Dans le dernier mois, au moins trois tribunes libres consacrées à la
transition énergétique insistent sur la nécessité d’un Etat Stratège pour
répondre aux immenses défis climatiques et énergétiques qui s’annoncent. Le
premier, d’Yves Bréchet, était consacré à Astrid (cf. https://vivrelarecherche.blogspot.com/2019/10/politique-energetique-et-climatique.html).
Les deux suivantes
traient de l’utlité, de la nécessité et de la beauté des EPR. Extraits :
L’Etat
verra-t-il les bénéfices cachés du nouveau nucléaire français ?
Michel Gay (
https://www.lemondedelenergie.com/etat-benefices-france-nucleaire-epr/2019/08/21/)
« Les énergies renouvelables fatales et aléatoires
ne permettront pas de répondre en permanence au besoin national d’électricité. La
France est donc appelée à renouveler progressivement entre 2030 et 2050 son
parc actuel de production d’électricité par de nouveaux moyens pilotables de
production. Les réacteurs nucléaires de
troisième génération EPR pourraient notamment garantir un socle de production
d’électricité en 2050 et permettre de s’affranchir des énergies fossiles dès
2060. Mais il faudrait un Etat stratège avec une vision de long terme pour
en discerner tous les bénéfices… »….
« Aujourd’hui, deux
EPR fonctionnent parfaitement en Chine. La réussite de ces deux chantiers
aboutissant à leur mise en service en 2018 et 2019 démontre la viabilité
opérationnelle du concept…
Malgré les difficultés des deux premiers chantiers EPR en
Finlande et à Flamanville, consécutifs à un réapprentissage après un arrêt de
construction de plus de 10 ans, la filière nucléaire (troisième filière
industrielle en France avec 220 000 professionnels hautement qualifiés) dispose
aujourd’hui d’atouts. Elle risque de les
perdre à nouveau si elle cesse de construire des réacteurs. Alors, elle
s’approvisionnera à l’étranger (Chine et Russie qui progressent rapidement) ce
qui entrainera une perte économique accompagnée d’une perte de souveraineté
technologique et énergétique. »
« Le développement du nouveau nucléaire à base d’EPR
en France et dans une partie du monde constitue un enjeu majeur pour l’avenir.
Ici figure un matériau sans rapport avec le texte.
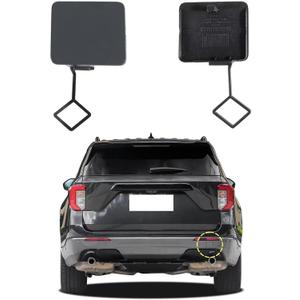 Goholy Car Rear Bumper Tow Hook Cover Compatible with Ford Explorer 2020 2021 2022 2023 74253KX LB5Z17K922AA LB5Z-17K922-AA Small Lid Towing Eye Cap Black unpainted Right Passenger Side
C’est
la possibilité :
•de prolonger les avantages actuels d’un parc électrique
offrant à la fois un prix bas et stable, une sécurité de fourniture, et une
empreinte carbone faible,
•de rester au plus
haut niveau de la sûreté nucléaire et de rentabiliser dans la troisième
génération les investissements passés,
•de maintenir une
production pilotable et flexible (la
puissance peut varier de 80% en une demi-heure) dont la disponibilité a été
en moyenne de 75% de 2010 à 2019,
•de développer une
importante filière industrielle reconnue mondialement, avec tous les
bénéfices qui en résultent sur les emplois, la balance commerciale et les
engagements de la COP21 signés à Paris en 2015 (Stratégie nationale
bas-carbone). »
Le
vrai coût : bénéficier de l’effet de série
« Le coût du nucléaire de troisième génération (EPR)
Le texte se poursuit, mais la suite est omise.